Shame we don't live a bit closer.
In terms of the pressure problems, you can simply bleed a bit of atmosphere into the system at the intake of the pump to raise the pressure.
I'm working on some things you may be interested in. I stuck a pressure and vacuum gauge on a 60ml BD Plastipak and measured a peak of 100psi+ when
squeezing it with my hands, before the tiny length of vacuum hose I was using to connect them with started to balloon out. The pressure sits still for
a long while, but is slowly dropping on the one I'm leaving clamped (it looks like it's leaking round the seal). I'll report back on where it finally
stays put and may try solvents (which would encourage the seal to swell and block the pressure in better).
Sticking the vacuum gauge on there, it can drop the pressure by 9/10th's of an ATM with one pull of the plunger. I don't have a one way valve handy to
try lots of pulls.
I'm wondering about pumping solvent, noble gases, reactive gases, circulating jackets, running higher pressure reactions, arranging three in a rotary
setup and driving them with a geared microwave turntable motor, using them for flash chromatography and so on. All of which I'm sure you could apply
your Arduino talents to or produce something useful with. E.g. use a length of black iron pipe & some caps to hold the syringe and force the
plunger down with a stepper. I'm still having major problems getting into microcontrollers. I've tried, multiple times, and am now reading John's book
on the MSP430, since I have one. I am worried about picking up an Arduino in case it teaches me to program in a manner too reliant on the compiler and
someone else's work; which may scupper my plans down line.
I also put the gauge on a fridge compressor and read 600 - 800psi, mainly towards 800. The nomograph result I got for redistilling some 250C oil under
vacuum, run in reverse, would suggest something like 550psi. Either way, it's worryingly high and I won't stand in the same room as it at this early
stage of things (that's saying something considering what else I get up to, minus gloves, masks or goggles).

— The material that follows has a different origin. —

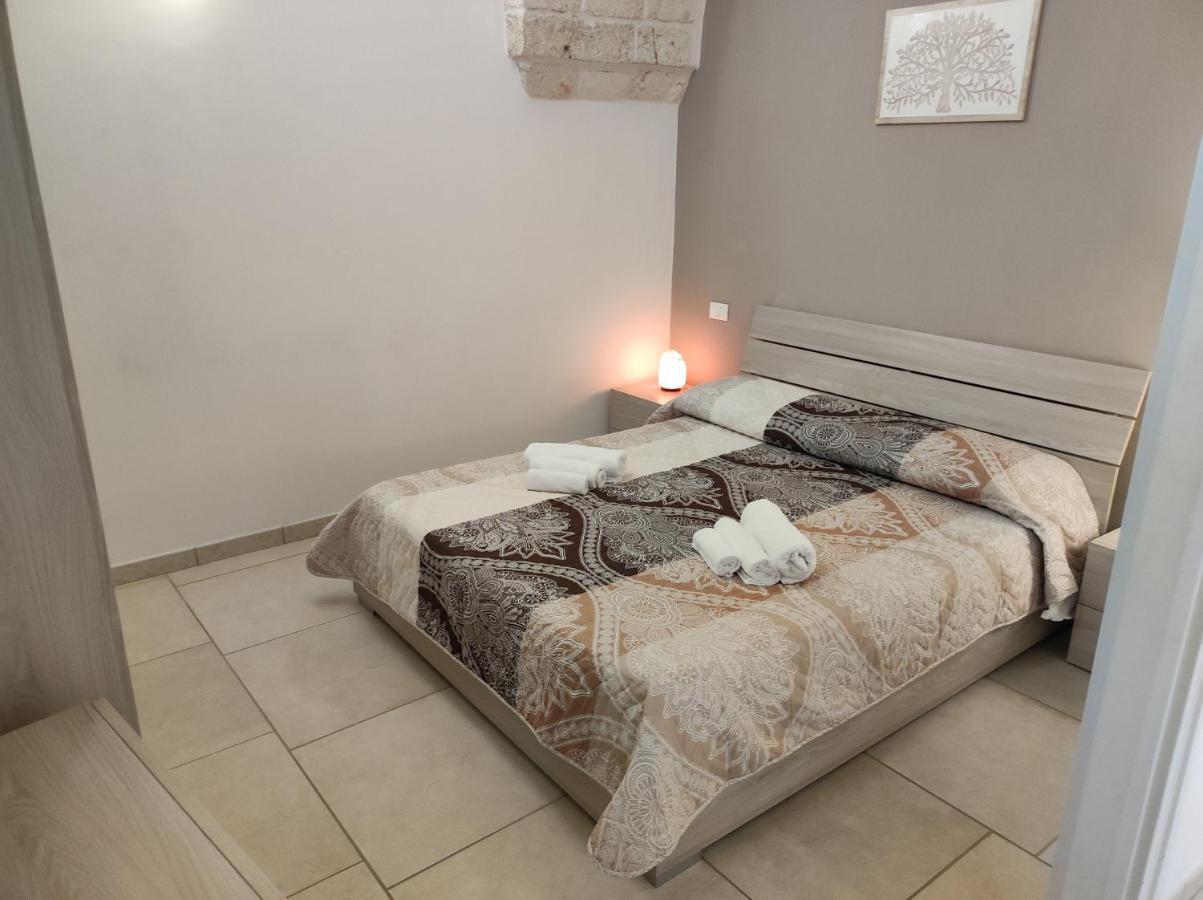 Maison De Richard Ostuni Eksteriør billede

Quote: Originally posted by Magpie | I'm confused as to how you measured your vacuum. If using water I would start out with the water as cold as possible, letting it warm to room
temperature slowly under your pump's vacuum. When the water starts to boil I would shut down the pump and measure the water temperature. Then go to
a vapor pressure table or graph (vapor pressure vs temperature) and look up the vapor pressure corresponding to the temperature you measured. This
vapor pressure is the pressure of your vacuum chamber. I don't see any need for a nomograph.
If this is what you did, then I just didn't understand. |
That will work, but redistilling a suitable amount of a high boiler is going to produce a more stable, applicable to another distillation, result. And
distillations is the main aim of the game for most people.
When you shut the pump off on that, oil will start to back stream, so you'd need a tap (I'm guessing this is what you mean). Also, even with the tap
in place, the temperature will skew as the solution continues to boil in a now enclosed volume.
You shouldn't be using water, or anything that boils near it, for these tests really. All of these pumps, aspirators included, will reduce the
pressure low enough that enough will boil off from the receiving flask to skew the pressure you finally work out. If it boils below water, even ice
cooling the receiver won't work.
Hence my recommendation of a reasonably pure, high boiling oil for the test; if you want to see how low it can theoretically go. That's not entirely
necessary for a lot of chemistry work, but it is for checking the maximums the pumps can do under the best circumstances. And it's important when
distilling high BP oils, which is when a vacuum is really needed.
Quote: Originally posted by psychokinetic | Peach, would a fridge pump be able to get to such a vacuum that spongebob squarepants would expand to fill a 20L jug?
Would he survive?
Would he go back to his normal shape, or be forever known as Spongebob Flaccidpants? |
Squarepants lives under the sea. He'd burst on land, or suffer some form of major brain hemorrhage and clotting issues (he probably has already, so
that's not going to help at all).
Quote: Originally posted by spong | Yeah hopefully it would work without it, which pins should I wire the mains power onto? There's three, one of them would be the starting coil wouldn't
it? I might have a rummage around that dumpster again on Monday and see if I can pull the cap out, there was some glassware in it too but most of it
was broken.
I tried testing my pump out with the water boiling method, 34C, 50mbar... Not too good. |
I might have missed something, but how did you test it if it's not wired to anything? Unless you mean a different pump?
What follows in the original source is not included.